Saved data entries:
══════════════════════════════
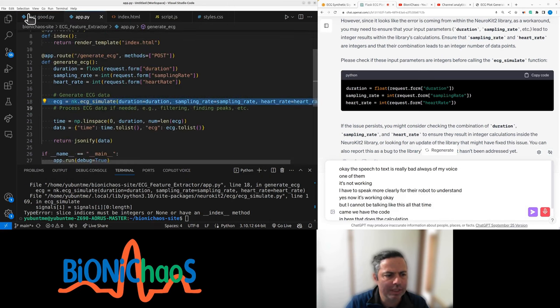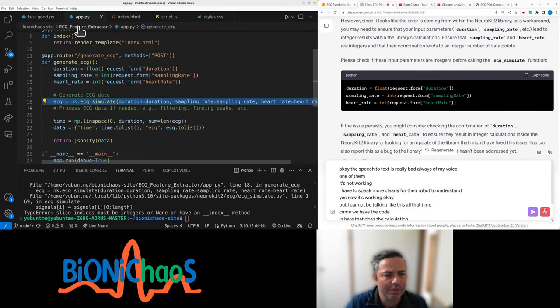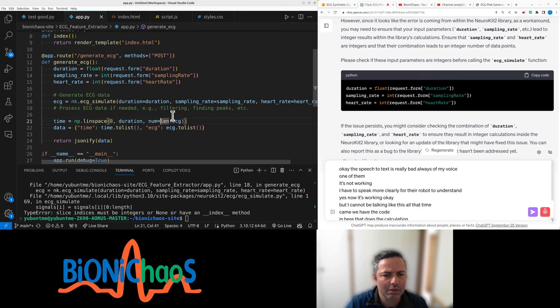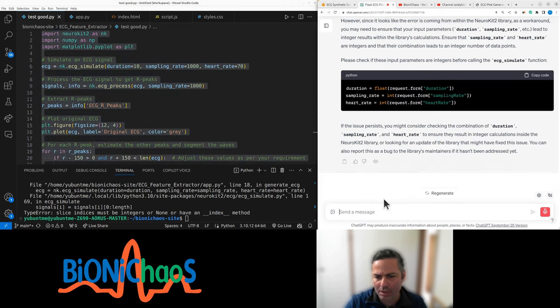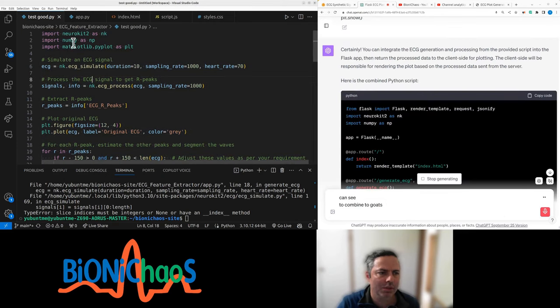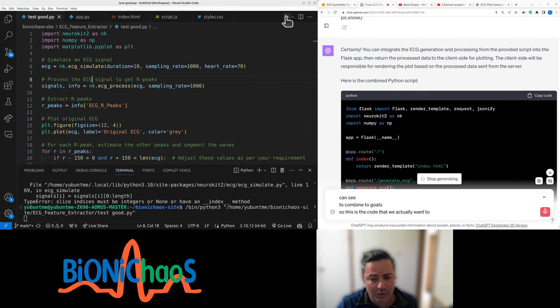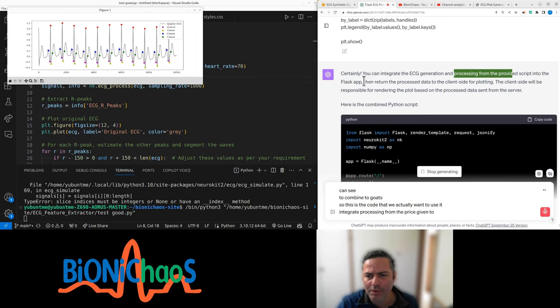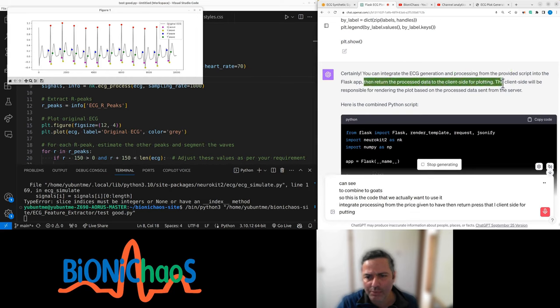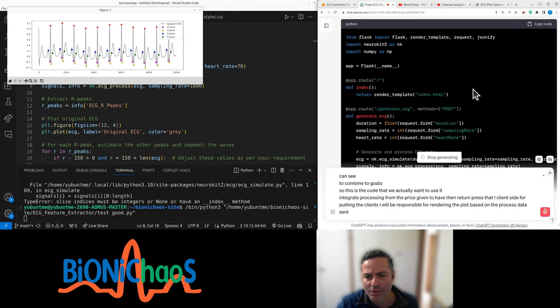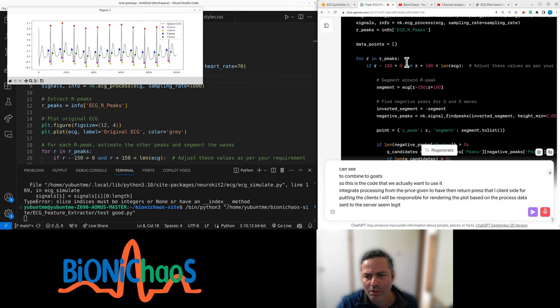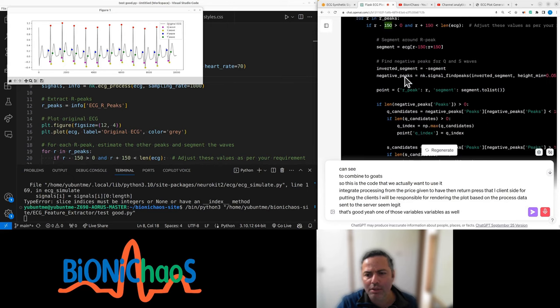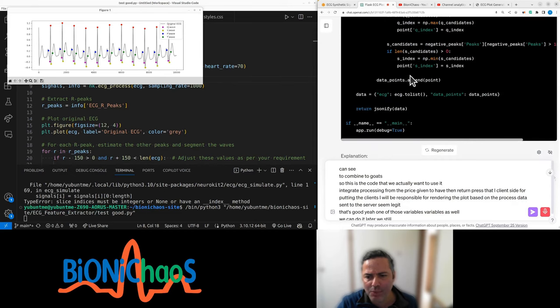The calculation should be in this Python code. We have the code in here that does the calculation. We have the ECG simulate, duration, sampling rate, heart rate, and so on. That's nice. Can we combine the current Python script with this one? This is the code that we actually want to use. Can integrate processing from the previous script into the Flask app, then return the processed data client side for plotting.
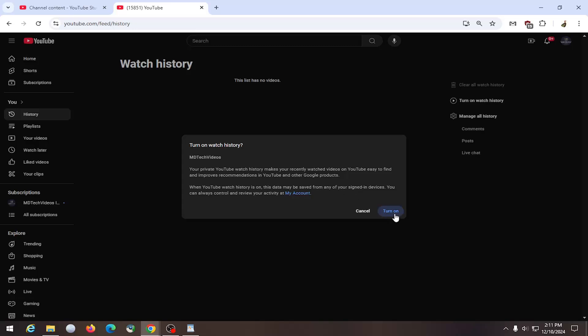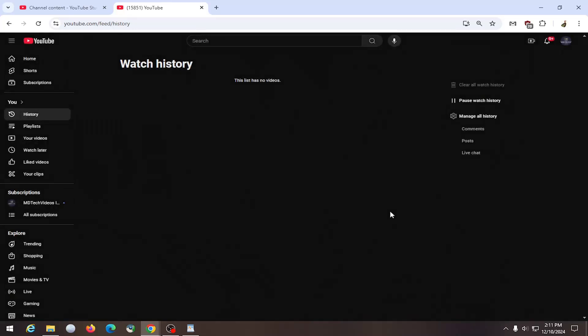So you go ahead and select turn on and then your watch history should show up here from this point going forward. Pretty straightforward process.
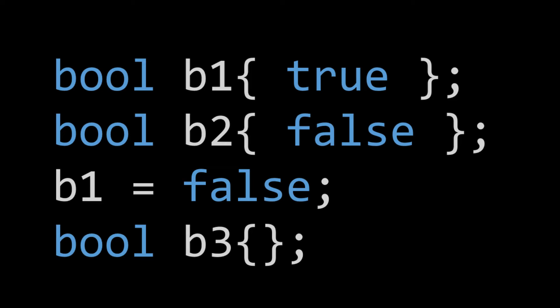We can also default initialize a Boolean. And like a character's default initialization is a null terminator, an integer's default initialization is zero, so too, a Boolean's default initialization is false. So as you can see here, the fourth line, B3, is actually initialized to false.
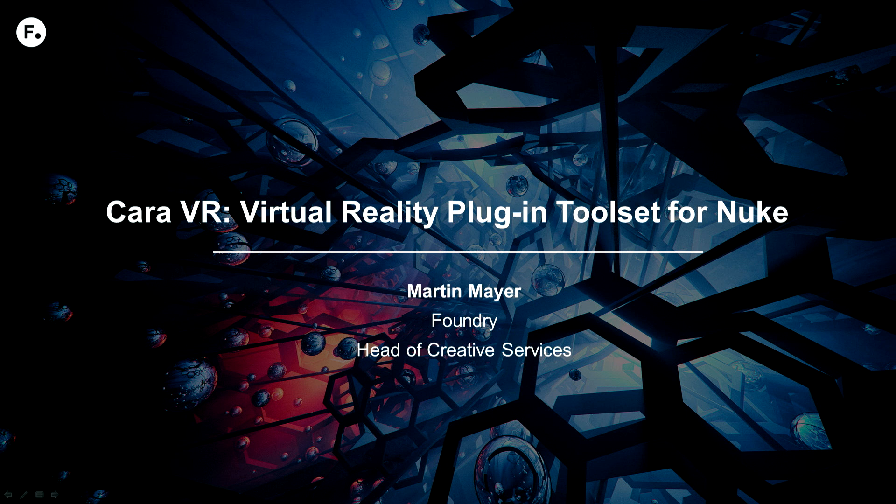Good morning, SIGGRAPH. My name is Martin Meyer. I'm the head of Creative Specialists and today I would like to start the day by showing you CARA VR.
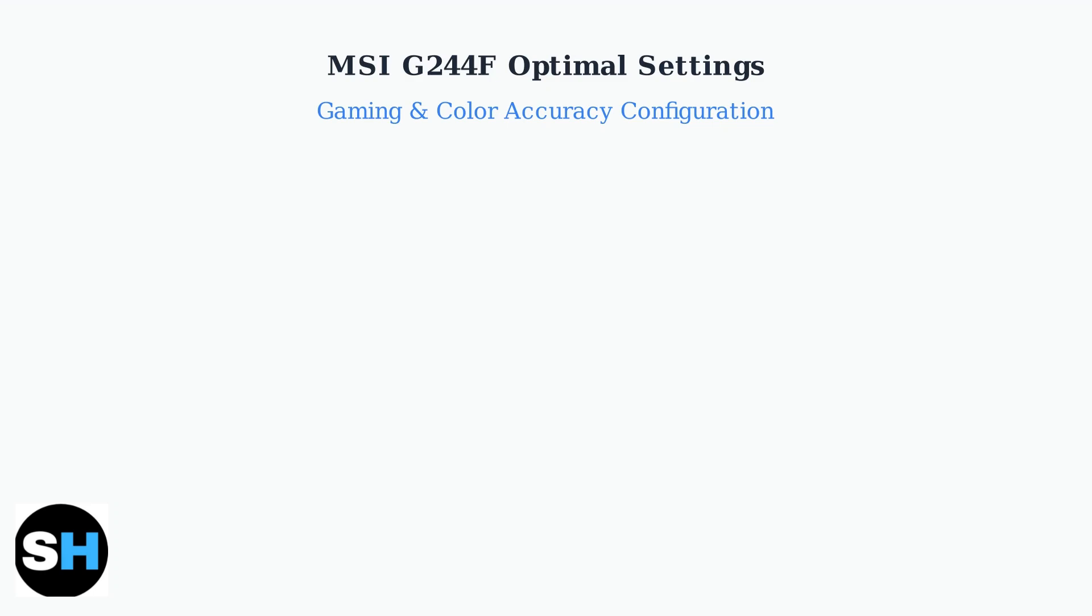The MSI G244F monitor offers excellent gaming performance, but finding the optimal settings can make a significant difference in your gaming experience and color accuracy.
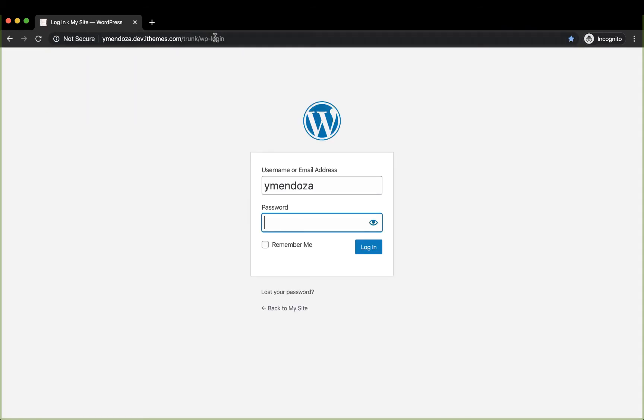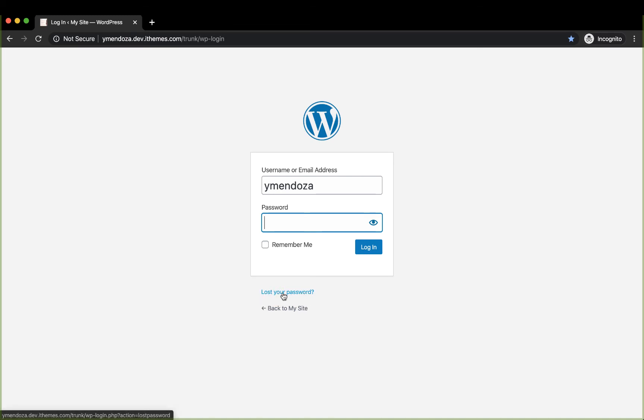Once you're here, I recommend you favorite this page to save some time next time you're logging in. If you've forgotten your password, you can click this link at the bottom. This will send a reset password link to your email.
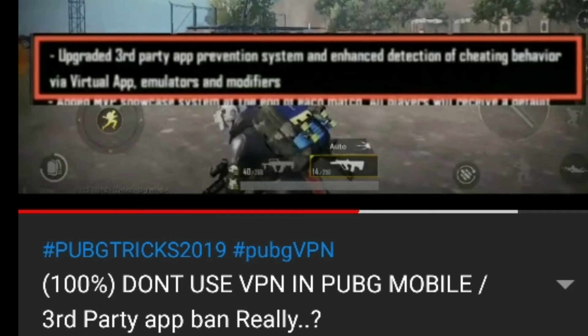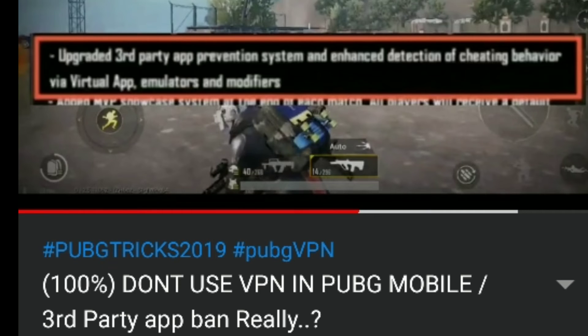So when you use VPN, you can use your skin. If you miss your account, you can use VPN to share your friends. You can ban it.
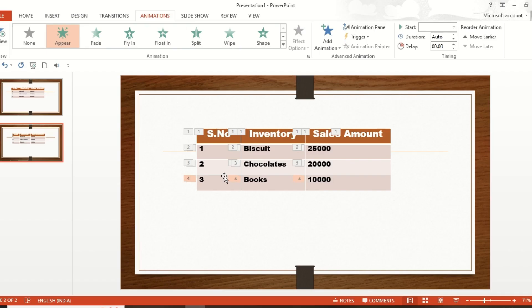If you want to do this column by column instead, the same approach applies. This tutorial covers row-by-row animation — I hope everyone can understand it. If you have any queries, leave a comment below and I will help you out. If this video was useful, please comment, and if you are a first-time visitor, please subscribe to the channel for more useful insights. Thank you for watching!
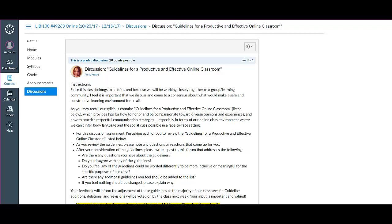Since this class belongs to all of us, and because we will be working closely together as a group and learning community, I feel it's important that we discuss and come to a consensus about what would make a safe and constructive learning environment for us all.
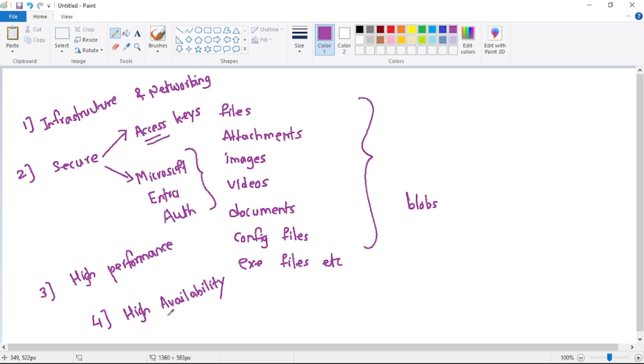So let's say our primary region goes down, we still have replica of our data available in region two. Now guys, these are some basic reasons why we should use Azure Storage Account.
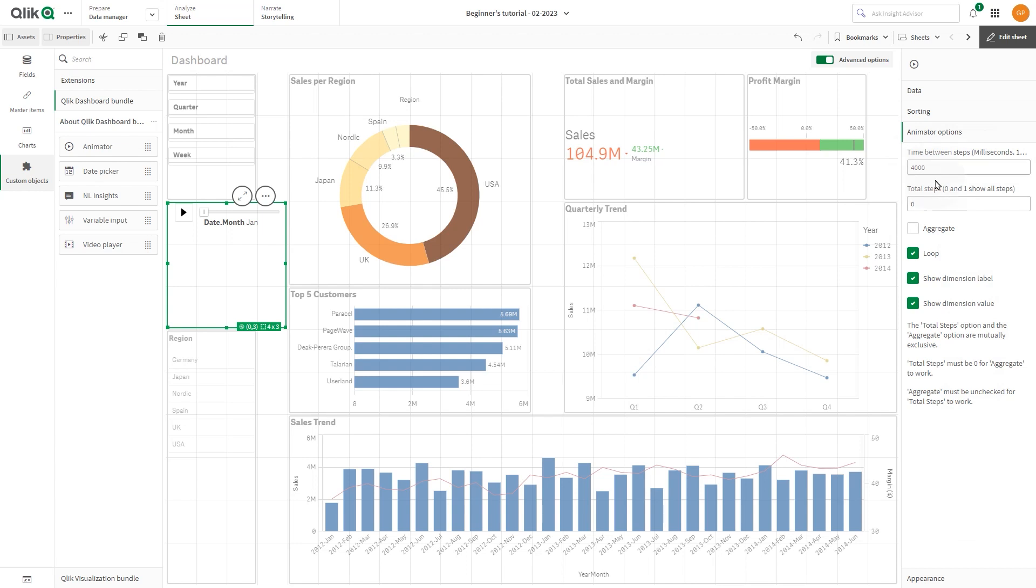You can set the total steps the Animator runs through in Total Steps. The Animator will divide the total steps evenly across the dimension values. If Total Steps is set to zero, the Animator will use every value.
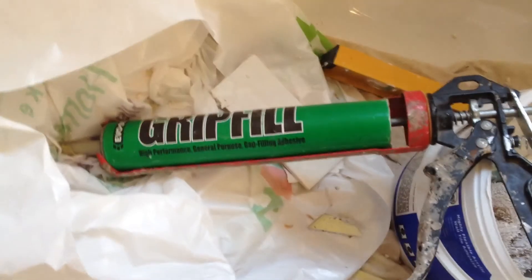Just grip fill that sucker on there, let it sit for half an hour, and away you go. Thank you.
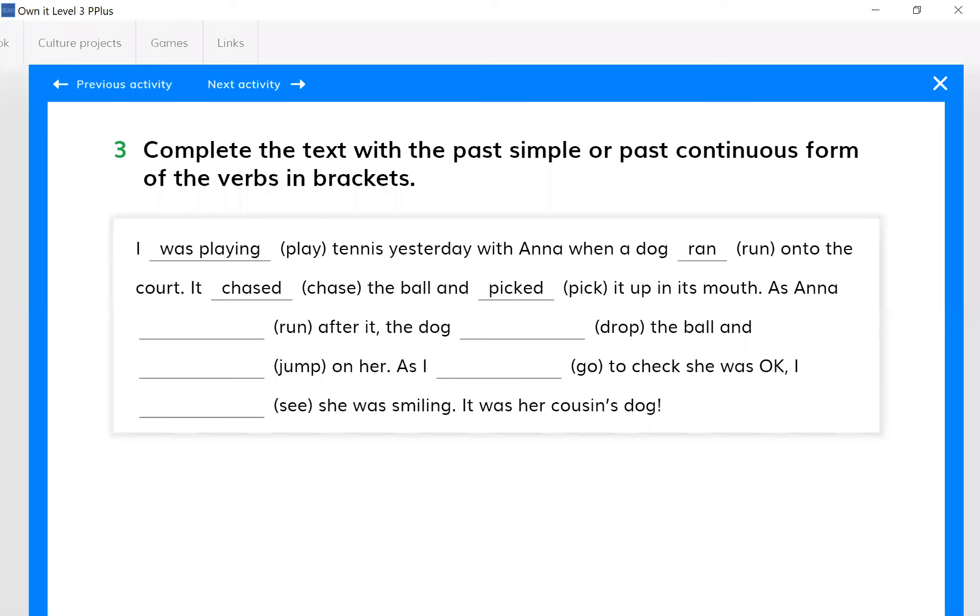In the third exercise, we are comparing the long action and the short action in the past. The short action in the past is called past simple - remember, verb 2 or ed form of the verb.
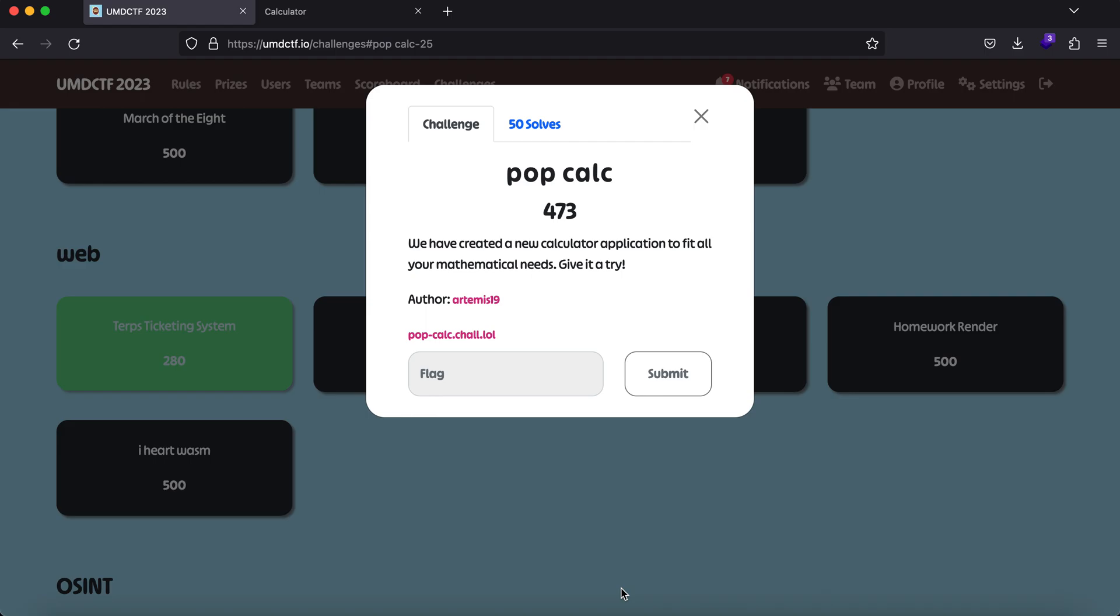Hello everybody, my name is Rahul and in this video we'll be looking at a challenge called PopCalc. Hopefully with the help of this challenge, we'll cover what you can do when you have no idea what to do.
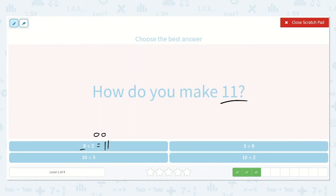Let's try 10 plus 3 more. Drawing 3 dots: we say 10, 11, 12, 13 — so it is 13. Here we have 9 plus 3. Drawing 3 dots: 9, 10, 11, 12. Notice I said 9 plus 3 rather than 3 plus 9 — it doesn't matter which order we add these numbers together; they will still give us the same sum.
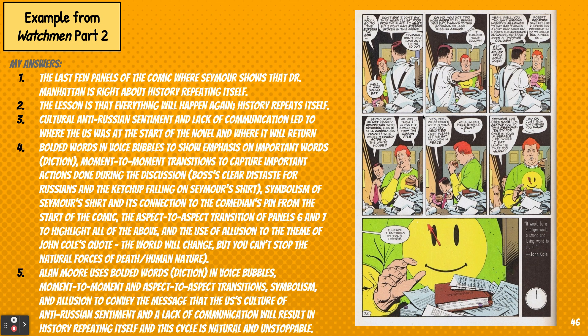So an example of what that looks like — and spoiler alert, this is the last page of the comic. Going through those five steps: the last few panels of the comic are what I chose, where Seymour, the guy wearing the green and yellow shirt, shows that Dr. Manhattan is right about history repeating itself and that nothing ever ends. The lesson is that everything will happen again — history repeats itself. The link to the line of inquiry topic is that cultural anti-Russian sentiment and a lack of communication led to where the U.S. was at the start of the novel, and where it will return at the end.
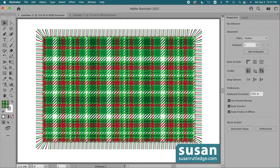Hi, I'm Susan Rutledge and in this video I'll show you how I made this Twill Christmas Plaid Seamless Pattern Swatch edged with a seamless pattern brush in Adobe Illustrator.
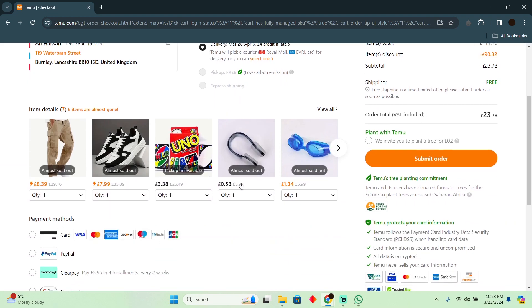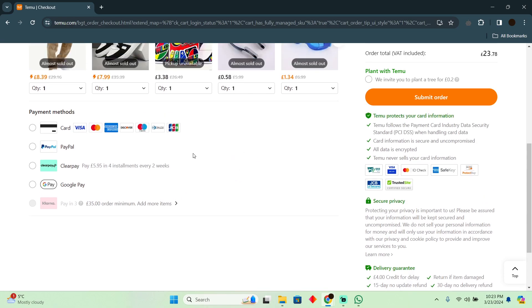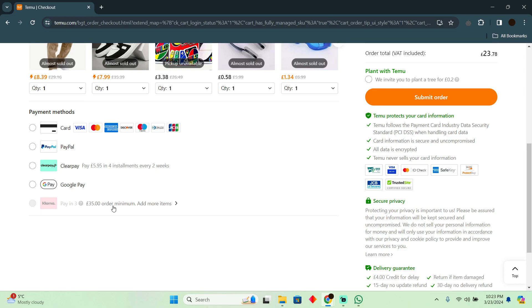Now here as you guys can see in the checkout I can pay using these things. So currently Klarna is not available to me just because I haven't bought anything and I don't have any history on Temu. When I have some history I will easily be able to select Klarna as a payment method right here.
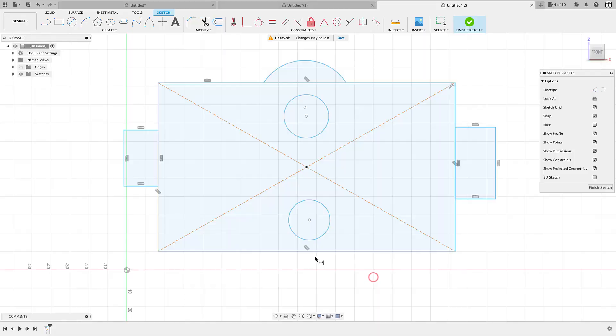Do you ever create a sketch where you spend all this time putting it together and now you're finally ready to come in and add some dimensions and constraints, and then you add that first dimension and then the whole thing just breaks on you?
══════════════════════════════
Your instructions ▸
Only the lines from the top of the records through the line with "The MSI G244F" belong in the copy; write them out exactly, leaving out pictures.

Exercise solution ▸
The calculation should be in this Python code. We have the code in here that does the calculation. We have the ECG simulate, duration, sampling rate, heart rate, and so on. That's nice. Can we combine the current Python script with this one? This is the code that we actually want to use. Can integrate processing from the previous script into the Flask app, then return the processed data client side for plotting.
So you go ahead and select turn on and then your watch history should show up here from this point going forward. Pretty straightforward process.
We can also default initialize a Boolean. And like a character's default initialization is a null terminator, an integer's default initialization is zero, so too, a Boolean's default initialization is false. So as you can see here, the fourth line, B3, is actually initialized to false.
Good morning, SIGGRAPH. My name is Martin Meyer. I'm the head of Creative Specialists and today I would like to start the day by showing you CARA VR.
The MSI G244F monitor offers excellent gaming performance, but finding the optimal settings can make a significant difference in your gaming experience and color accuracy.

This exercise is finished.